The required output is the lines below from the line containing "Roofter costruzione operaio" to the line containing "601 2-Light Wall", inclusive, retyped exactly. No other lines belong in it.
BEGIN DATA EXTRACTS
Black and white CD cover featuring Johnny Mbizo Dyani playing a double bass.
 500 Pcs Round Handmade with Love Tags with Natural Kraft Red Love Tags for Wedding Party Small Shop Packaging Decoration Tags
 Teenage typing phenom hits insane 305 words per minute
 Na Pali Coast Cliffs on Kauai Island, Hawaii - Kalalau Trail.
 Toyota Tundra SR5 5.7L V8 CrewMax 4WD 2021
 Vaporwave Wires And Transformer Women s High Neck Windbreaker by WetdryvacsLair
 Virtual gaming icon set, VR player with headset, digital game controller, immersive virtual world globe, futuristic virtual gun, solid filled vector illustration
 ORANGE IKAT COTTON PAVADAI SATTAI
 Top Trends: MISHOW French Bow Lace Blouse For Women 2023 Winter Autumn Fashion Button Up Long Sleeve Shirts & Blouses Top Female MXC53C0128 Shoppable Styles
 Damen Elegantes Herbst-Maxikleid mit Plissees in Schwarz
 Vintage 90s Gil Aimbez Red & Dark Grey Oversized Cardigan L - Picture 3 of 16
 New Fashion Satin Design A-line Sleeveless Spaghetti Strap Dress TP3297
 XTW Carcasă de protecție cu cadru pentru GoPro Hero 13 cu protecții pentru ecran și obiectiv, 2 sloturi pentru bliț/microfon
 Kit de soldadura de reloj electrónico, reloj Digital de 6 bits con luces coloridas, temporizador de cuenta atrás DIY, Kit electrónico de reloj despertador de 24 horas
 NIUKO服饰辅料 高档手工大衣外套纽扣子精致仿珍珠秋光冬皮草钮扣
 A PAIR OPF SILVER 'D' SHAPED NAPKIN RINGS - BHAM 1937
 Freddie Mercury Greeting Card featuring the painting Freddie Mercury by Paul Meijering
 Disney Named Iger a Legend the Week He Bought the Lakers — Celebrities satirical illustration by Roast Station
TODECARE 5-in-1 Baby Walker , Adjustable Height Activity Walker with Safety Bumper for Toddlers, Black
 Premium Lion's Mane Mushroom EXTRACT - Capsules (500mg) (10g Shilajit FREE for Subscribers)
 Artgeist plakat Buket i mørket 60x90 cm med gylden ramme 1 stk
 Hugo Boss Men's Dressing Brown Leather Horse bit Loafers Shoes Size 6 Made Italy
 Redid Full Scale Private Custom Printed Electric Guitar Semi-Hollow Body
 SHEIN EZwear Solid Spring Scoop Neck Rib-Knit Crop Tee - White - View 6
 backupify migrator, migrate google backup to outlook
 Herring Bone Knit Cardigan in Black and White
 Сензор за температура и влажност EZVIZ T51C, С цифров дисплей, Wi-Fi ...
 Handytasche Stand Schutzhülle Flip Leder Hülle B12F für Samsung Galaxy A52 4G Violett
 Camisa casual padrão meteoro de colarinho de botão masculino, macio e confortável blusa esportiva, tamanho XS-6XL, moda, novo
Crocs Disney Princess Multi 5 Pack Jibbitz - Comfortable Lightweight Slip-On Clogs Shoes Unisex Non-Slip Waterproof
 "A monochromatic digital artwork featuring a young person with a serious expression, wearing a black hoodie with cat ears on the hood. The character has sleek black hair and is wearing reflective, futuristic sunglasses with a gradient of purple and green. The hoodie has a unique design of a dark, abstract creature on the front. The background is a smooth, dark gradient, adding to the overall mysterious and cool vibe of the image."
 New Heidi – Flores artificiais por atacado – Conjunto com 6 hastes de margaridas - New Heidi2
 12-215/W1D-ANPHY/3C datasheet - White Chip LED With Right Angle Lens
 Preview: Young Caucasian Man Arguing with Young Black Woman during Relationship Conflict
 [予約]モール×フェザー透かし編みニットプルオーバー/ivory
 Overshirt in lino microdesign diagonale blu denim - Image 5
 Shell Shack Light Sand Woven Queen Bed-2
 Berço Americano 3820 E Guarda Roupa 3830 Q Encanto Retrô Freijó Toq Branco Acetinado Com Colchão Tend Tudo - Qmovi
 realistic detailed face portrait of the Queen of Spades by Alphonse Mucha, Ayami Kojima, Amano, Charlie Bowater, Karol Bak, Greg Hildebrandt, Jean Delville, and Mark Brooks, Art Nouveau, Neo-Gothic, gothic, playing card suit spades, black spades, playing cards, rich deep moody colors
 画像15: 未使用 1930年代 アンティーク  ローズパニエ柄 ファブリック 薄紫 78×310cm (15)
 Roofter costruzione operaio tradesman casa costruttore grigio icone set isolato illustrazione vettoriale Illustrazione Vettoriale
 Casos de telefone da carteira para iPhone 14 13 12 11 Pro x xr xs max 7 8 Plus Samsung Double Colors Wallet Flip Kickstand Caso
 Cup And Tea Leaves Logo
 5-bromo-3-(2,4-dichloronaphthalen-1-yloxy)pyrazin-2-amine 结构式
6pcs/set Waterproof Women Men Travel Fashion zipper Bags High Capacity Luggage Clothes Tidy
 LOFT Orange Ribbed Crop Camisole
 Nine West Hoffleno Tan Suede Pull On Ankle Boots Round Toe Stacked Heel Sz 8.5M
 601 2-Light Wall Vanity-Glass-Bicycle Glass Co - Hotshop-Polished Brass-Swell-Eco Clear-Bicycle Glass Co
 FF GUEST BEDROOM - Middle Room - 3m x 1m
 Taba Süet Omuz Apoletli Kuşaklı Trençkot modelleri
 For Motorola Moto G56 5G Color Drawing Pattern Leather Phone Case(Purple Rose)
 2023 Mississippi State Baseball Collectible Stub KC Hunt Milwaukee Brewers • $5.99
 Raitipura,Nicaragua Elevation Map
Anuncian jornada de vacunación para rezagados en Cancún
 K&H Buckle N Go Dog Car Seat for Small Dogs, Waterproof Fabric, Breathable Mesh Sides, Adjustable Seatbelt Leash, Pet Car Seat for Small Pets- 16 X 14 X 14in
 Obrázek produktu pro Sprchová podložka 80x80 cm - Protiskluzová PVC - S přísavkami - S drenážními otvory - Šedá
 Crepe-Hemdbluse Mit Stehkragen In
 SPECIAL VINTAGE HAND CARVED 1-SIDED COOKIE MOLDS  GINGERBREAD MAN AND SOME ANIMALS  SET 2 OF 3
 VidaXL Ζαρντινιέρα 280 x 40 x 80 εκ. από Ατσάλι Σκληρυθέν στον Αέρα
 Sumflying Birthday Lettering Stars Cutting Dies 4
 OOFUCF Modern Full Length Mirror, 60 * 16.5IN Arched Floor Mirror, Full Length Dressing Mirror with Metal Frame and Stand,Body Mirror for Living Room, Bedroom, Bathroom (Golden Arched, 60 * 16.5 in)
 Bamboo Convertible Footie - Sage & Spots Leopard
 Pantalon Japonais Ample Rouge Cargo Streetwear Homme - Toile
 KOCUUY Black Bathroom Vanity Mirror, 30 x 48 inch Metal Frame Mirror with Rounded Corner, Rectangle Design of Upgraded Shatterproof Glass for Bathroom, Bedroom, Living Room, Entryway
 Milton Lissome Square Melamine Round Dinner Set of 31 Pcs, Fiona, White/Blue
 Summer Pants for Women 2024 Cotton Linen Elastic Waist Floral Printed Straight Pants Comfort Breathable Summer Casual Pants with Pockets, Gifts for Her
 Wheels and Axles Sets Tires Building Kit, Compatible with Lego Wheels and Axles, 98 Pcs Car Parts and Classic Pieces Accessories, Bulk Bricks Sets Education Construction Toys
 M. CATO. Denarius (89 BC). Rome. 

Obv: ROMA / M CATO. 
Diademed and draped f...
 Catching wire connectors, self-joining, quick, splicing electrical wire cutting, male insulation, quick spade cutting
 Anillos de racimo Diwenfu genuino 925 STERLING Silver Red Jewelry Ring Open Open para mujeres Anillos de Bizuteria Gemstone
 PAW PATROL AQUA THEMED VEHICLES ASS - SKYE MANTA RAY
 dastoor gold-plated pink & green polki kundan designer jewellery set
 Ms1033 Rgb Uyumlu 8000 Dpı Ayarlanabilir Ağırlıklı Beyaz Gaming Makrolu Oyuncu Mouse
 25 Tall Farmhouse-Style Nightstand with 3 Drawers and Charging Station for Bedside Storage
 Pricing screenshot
END DATA EXTRACTS
# SOLUTION FOR THIS PROBLEM
 Roofter costruzione operaio tradesman casa costruttore grigio icone set isolato illustrazione vettoriale Illustrazione Vettoriale
 Casos de telefone da carteira para iPhone 14 13 12 11 Pro x xr xs max 7 8 Plus Samsung Double Colors Wallet Flip Kickstand Caso
 Cup And Tea Leaves Logo
 5-bromo-3-(2,4-dichloronaphthalen-1-yloxy)pyrazin-2-amine 结构式
6pcs/set Waterproof Women Men Travel Fashion zipper Bags High Capacity Luggage Clothes Tidy
 LOFT Orange Ribbed Crop Camisole
 Nine West Hoffleno Tan Suede Pull On Ankle Boots Round Toe Stacked Heel Sz 8.5M
 601 2-Light Wall Vanity-Glass-Bicycle Glass Co - Hotshop-Polished Brass-Swell-Eco Clear-Bicycle Glass Co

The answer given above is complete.